> **Activity**
Set down exactly the lines below, starting at the one that contains "Miejsce uroczystości, plac" and ending at the one that contains "Fototapeta na wymiar", with both of those lines included and nothing else.

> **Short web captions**
* * *

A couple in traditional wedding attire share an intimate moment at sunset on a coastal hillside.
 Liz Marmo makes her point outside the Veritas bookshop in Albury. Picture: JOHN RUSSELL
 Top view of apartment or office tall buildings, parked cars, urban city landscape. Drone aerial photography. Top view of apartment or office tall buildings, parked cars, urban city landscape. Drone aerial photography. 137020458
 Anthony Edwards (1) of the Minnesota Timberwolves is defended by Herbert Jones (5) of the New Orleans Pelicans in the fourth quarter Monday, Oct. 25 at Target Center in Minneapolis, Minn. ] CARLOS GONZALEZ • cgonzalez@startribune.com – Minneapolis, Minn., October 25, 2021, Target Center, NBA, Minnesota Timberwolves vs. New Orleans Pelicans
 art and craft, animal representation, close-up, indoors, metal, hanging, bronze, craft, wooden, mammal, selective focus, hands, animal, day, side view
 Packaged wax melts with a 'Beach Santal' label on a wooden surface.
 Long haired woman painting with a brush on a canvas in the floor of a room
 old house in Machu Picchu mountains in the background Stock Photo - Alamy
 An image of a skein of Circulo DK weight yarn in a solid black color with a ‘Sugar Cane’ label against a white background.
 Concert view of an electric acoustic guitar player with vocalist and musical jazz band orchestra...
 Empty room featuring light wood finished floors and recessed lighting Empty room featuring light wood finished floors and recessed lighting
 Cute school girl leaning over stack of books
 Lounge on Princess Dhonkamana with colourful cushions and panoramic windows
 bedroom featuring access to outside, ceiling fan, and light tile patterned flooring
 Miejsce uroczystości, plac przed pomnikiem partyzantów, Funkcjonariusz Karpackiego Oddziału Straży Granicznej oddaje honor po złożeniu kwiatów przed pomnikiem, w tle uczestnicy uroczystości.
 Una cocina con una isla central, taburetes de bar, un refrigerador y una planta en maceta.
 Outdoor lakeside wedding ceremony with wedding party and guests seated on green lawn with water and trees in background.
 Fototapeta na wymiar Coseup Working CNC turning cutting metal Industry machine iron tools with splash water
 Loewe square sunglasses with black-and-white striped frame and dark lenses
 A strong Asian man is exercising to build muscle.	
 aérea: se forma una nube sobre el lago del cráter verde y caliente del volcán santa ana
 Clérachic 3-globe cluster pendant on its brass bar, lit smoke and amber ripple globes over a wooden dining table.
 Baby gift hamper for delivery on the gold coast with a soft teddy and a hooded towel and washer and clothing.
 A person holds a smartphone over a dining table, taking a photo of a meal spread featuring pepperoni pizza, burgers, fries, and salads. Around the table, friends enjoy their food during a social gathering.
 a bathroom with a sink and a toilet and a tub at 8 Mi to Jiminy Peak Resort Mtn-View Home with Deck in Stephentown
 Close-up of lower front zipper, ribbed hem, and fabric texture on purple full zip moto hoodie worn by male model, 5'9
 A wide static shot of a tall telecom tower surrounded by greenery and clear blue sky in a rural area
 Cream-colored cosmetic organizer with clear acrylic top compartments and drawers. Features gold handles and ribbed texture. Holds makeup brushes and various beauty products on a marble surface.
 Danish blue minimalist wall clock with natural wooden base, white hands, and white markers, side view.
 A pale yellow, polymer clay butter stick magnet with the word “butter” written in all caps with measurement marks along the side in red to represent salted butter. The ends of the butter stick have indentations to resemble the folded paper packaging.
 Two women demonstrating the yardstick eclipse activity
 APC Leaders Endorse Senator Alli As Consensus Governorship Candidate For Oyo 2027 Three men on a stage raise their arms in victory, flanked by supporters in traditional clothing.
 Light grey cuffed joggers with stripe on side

* * *

> **Solved exercise**
 Miejsce uroczystości, plac przed pomnikiem partyzantów, Funkcjonariusz Karpackiego Oddziału Straży Granicznej oddaje honor po złożeniu kwiatów przed pomnikiem, w tle uczestnicy uroczystości.
 Una cocina con una isla central, taburetes de bar, un refrigerador y una planta en maceta.
 Outdoor lakeside wedding ceremony with wedding party and guests seated on green lawn with water and trees in background.
 Fototapeta na wymiar Coseup Working CNC turning cutting metal Industry machine iron tools with splash water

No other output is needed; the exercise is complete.